The dev team chose to write the application code themselves by running the entire workflow within a single process running inside containers deployed to AWS EKS triggered by AWS CloudWatch scheduled events or cron jobs. They did this for about two years. The team struggled to achieve parallelization in the workflow without running the risk of a parallel branch throwing an unhandled exception which could bring down the entire workflow. The risk was further magnified as the workflow had to iterate over a set of records, and perform an operation on each item of the set. The process could get halfway through the set, and if one of the items failed, it would bring down the whole process, making it much harder to work with fail cases.
Next, they turned to Apache Airflow and used it for a year, until it became cumbersome to operate and maintain the servers. Having to manually provision, install, secure, monitor, patch, upgrade, and scale it needed dedicated resources with deep expertise that only one person on the development team had. The CTO saw the siloed expertise and heavy operational overhead as a major risk from the standpoint of investing further in the technology stack. These factors led them to a decision to re-platform their whole monolith backend architecture to be almost entirely serverless – except for their databases.

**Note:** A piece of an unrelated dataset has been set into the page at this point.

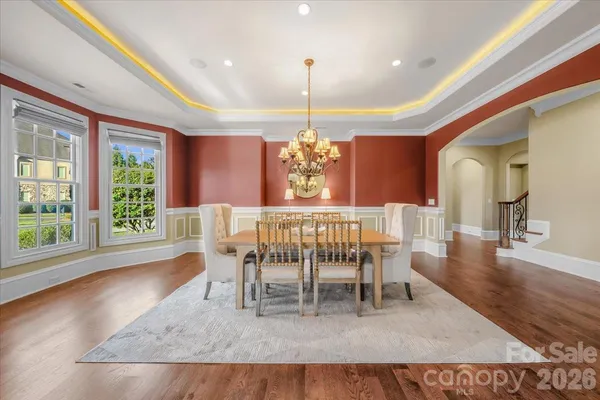 a dining room with furniture a chandelier and wooden floor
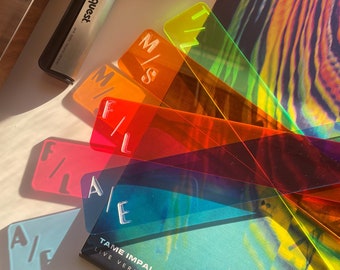 May include: A collection of colorful, transparent record dividers in shades of blue, pink, orange, and green, with etched letters. A black and silver audioquest device and a Tame Impala album are also visible.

When migrating to AWS Step Functions, the startup was able to reuse some of its pre-written workflow code. “Working in this model also made our code easier to reason about,” says Duro. “Data structures could be flatter, and code is less littered with complex fail state handling code.”
Freebird utilized Express workflows due to the high volume of data that needed processing – realtime webhook data from ride-share providers. This incoming webhook data is sent to Amazon API Gateway. This data is pushed right into an Amazon Kinesis data stream using a direct integration with Amazon Kinesis. Pushing data directly into an Amazon Kinesis stream helps ensure data resilience. An AWS Lambda function is set up to pull data off this stream, and execute an AWS Step Functions – Express Workflow. This workflow goes through a complex chain of steps to validate, process, and normalize this incoming data. Ultimately, it is emitted to an SNS topic which downstream services can subscribe to. If something goes wrong downstream, Kinesis can replay the webhook events in the order they came in.
How Freebird Uses AWS Step Functions in its Data Processing Workflow
“AWS Step Functions, especially Express Workflows, has benefited us greatly. We are able to carefully handle known fail cases with retries and exponential back-off, ” Duro says. “Adding a new external source is as simple as adding one or two tasks to the workflow. The Step Functions integration with AWS Lambda allows us to leverage tools and languages that our team are already familiar with, and helps us maintain a serverless ops focus. We only pay for what we use at the request level, so when volumes are down, our costs go down.”
Looking ahead, AWS Step Functions-Express Workflows will help Freebird scale easily to adapt to additional third parties as well as process data for other business applications such as streaming data from marketing technology tools to analyze marketing spend.